Just documenting. Tokenizer package is roughly 3 MB (https://pypi.org/project/tokenizers/#files)

joecummings · 2025-02-11T02:02:56Z

tests/torchtune/modules/transforms/tokenizers/test_hf_tokenizer.py

+    @pytest.fixture
+    def texts(self):
+        return [
+            "I can see the sun. But even if I cannot see the sun, I know that it exists.",


"I am not a cultivated man, brother, but I've thought a lot about this."

joecummings · 2025-02-11T02:04:42Z

torchtune/modules/transforms/tokenizers/__init__.py

@@ -4,6 +4,7 @@
 # This source code is licensed under the BSD-style license found in the
 # LICENSE file in the root directory of this source tree.

+from ._hf_tokenizer import HFTokenizer


nit: it's weird that we spell out SentencePiece and TikToken, but not HuggingFace...

OK yeah we can spell it out

joecummings · 2025-02-11T02:05:25Z

torchtune/modules/transforms/tokenizers/_hf_tokenizer.py

+from typing import Any, Dict, List, Optional
+
+from tokenizers import Tokenizer
+from torchtune.modules.transforms.tokenizers._utils import BaseTokenizer


If we add one more submodule, Satan gives us a cookie and a "good job" sticker

joecummings · 2025-02-11T02:05:47Z

torchtune/modules/transforms/tokenizers/_hf_tokenizer.py

+
+class HFTokenizer(BaseTokenizer):
+    """
+    A wrapper around Hugging Face tokenizers.
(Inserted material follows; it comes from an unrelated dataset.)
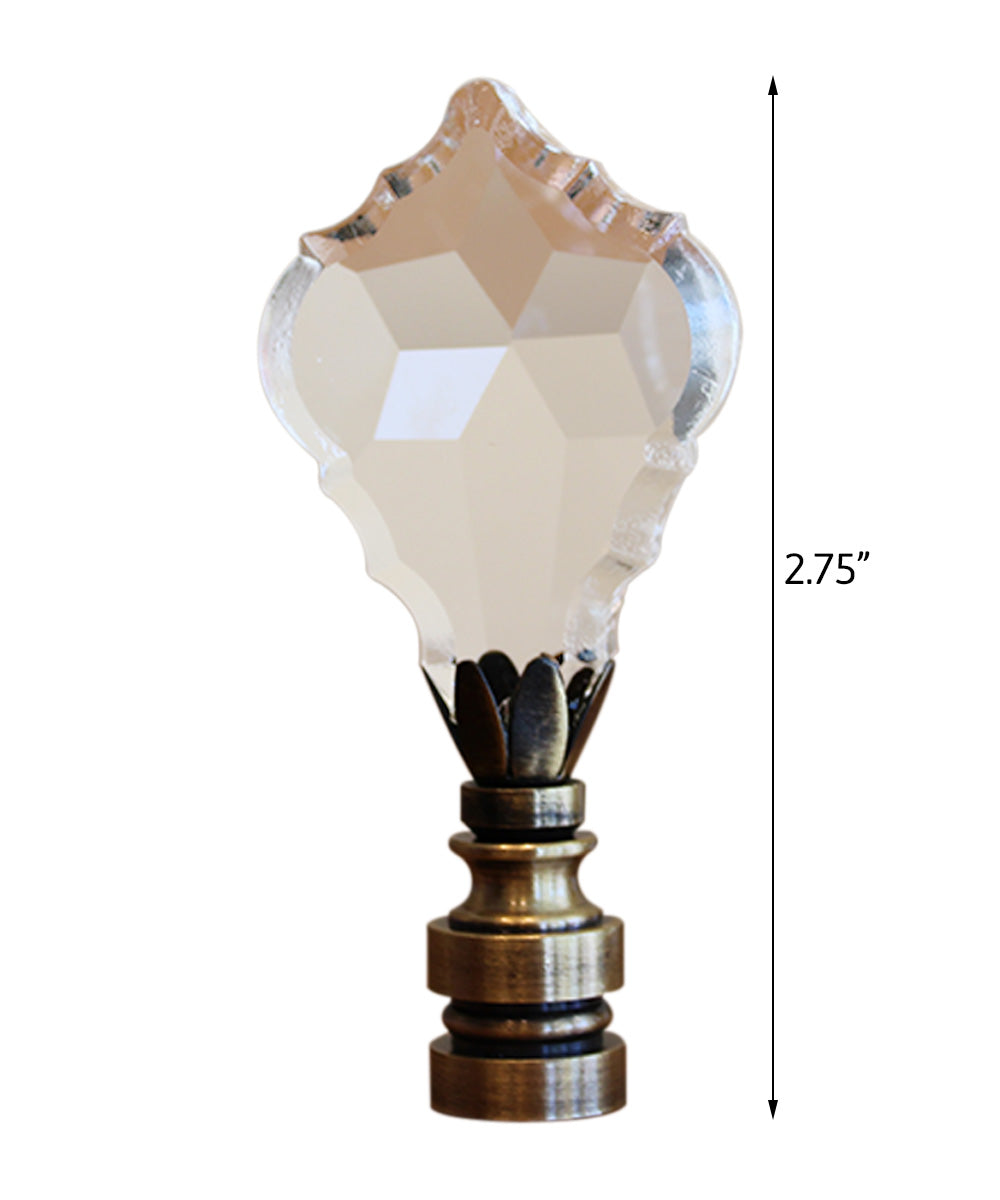 The Celestine™ Swarovski Crystal Lamp Finial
This class can be used to load from a


nit: point to the repo.

joecummings · 2025-02-11T02:06:55Z

torchtune/modules/transforms/tokenizers/_hf_tokenizer.py

+
+    Args:
+        tokenizer_json_path (str): Path to tokenizer.json file
+        config_path (Optional[str]): Path to tokenizer_config.json file. Default: None


Should be called tokenizer_config_json_path. Yes, I know that's a mouthful, but it pattern matches with the name of the file and there's already other "configs" in a Hugging Face model dir.
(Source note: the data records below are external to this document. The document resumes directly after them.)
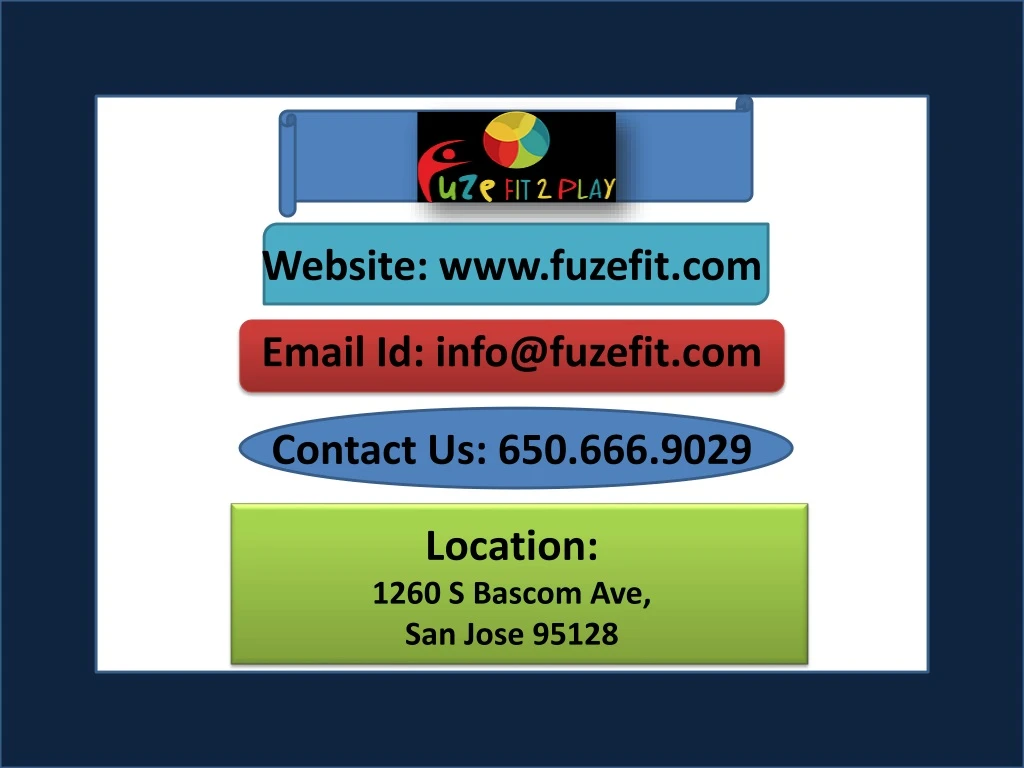 website www fuzefit com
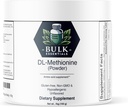 DL- Methionine Powder - Methionine Suplemen - Amino Acids Suplemen - Choline Tambahan - 100mg per Serving - 100g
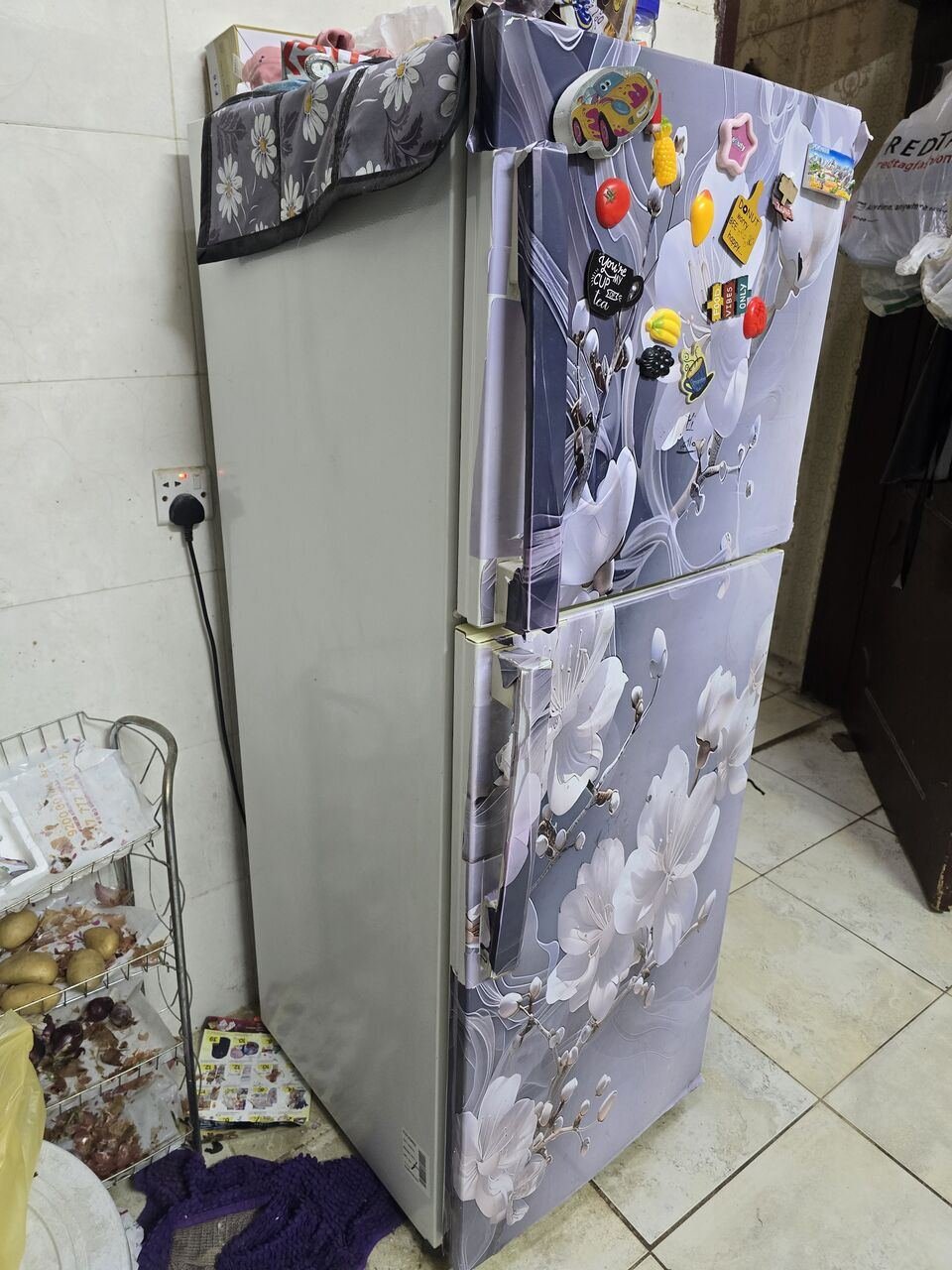 SAR 450, Fridge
joecummings · 2025-02-11T02:07:18Z

torchtune/modules/transforms/tokenizers/_hf_tokenizer.py

+    def __init__(
+        self,
+        tokenizer_json_path: str,
+        config_path: Optional[str] = None,


kwargs only

joecummings · 2025-02-11T02:08:52Z

torchtune/modules/transforms/tokenizers/_hf_tokenizer.py

+                self.generation_config = json.load(f)
+        else:
+            self.generation_config = None
+        self._infer_bos_eos_tokens()


Should we give them an option to explicitly set the BOS and EOS if it can't be inferred from the file? Or are they just screwed?
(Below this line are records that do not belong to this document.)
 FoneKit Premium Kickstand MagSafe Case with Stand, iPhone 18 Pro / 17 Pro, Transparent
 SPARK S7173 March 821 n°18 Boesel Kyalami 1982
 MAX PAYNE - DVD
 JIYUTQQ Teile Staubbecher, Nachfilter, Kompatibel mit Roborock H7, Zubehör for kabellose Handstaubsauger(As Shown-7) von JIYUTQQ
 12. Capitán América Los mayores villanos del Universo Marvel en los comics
I am hedging a bit here for future work -- eventually I would like to have a ModelTokenizer wrapping this. In that case I think we should require at least tokenizer_config.json and explicitly giving EOS and BOS will probably not be enough

joecummings · 2025-02-11T02:09:45Z

torchtune/modules/transforms/tokenizers/_hf_tokenizer.py

+        config_path: Optional[str] = None,
+        generation_config_path: Optional[str] = None,
+    ):
+        self.hf_tokenizer = Tokenizer.from_file(tokenizer_json_path)


Is there a reason this has to be self.hf_tokenizer instead of just tokenizer? You already know it's a HFTokenizer class.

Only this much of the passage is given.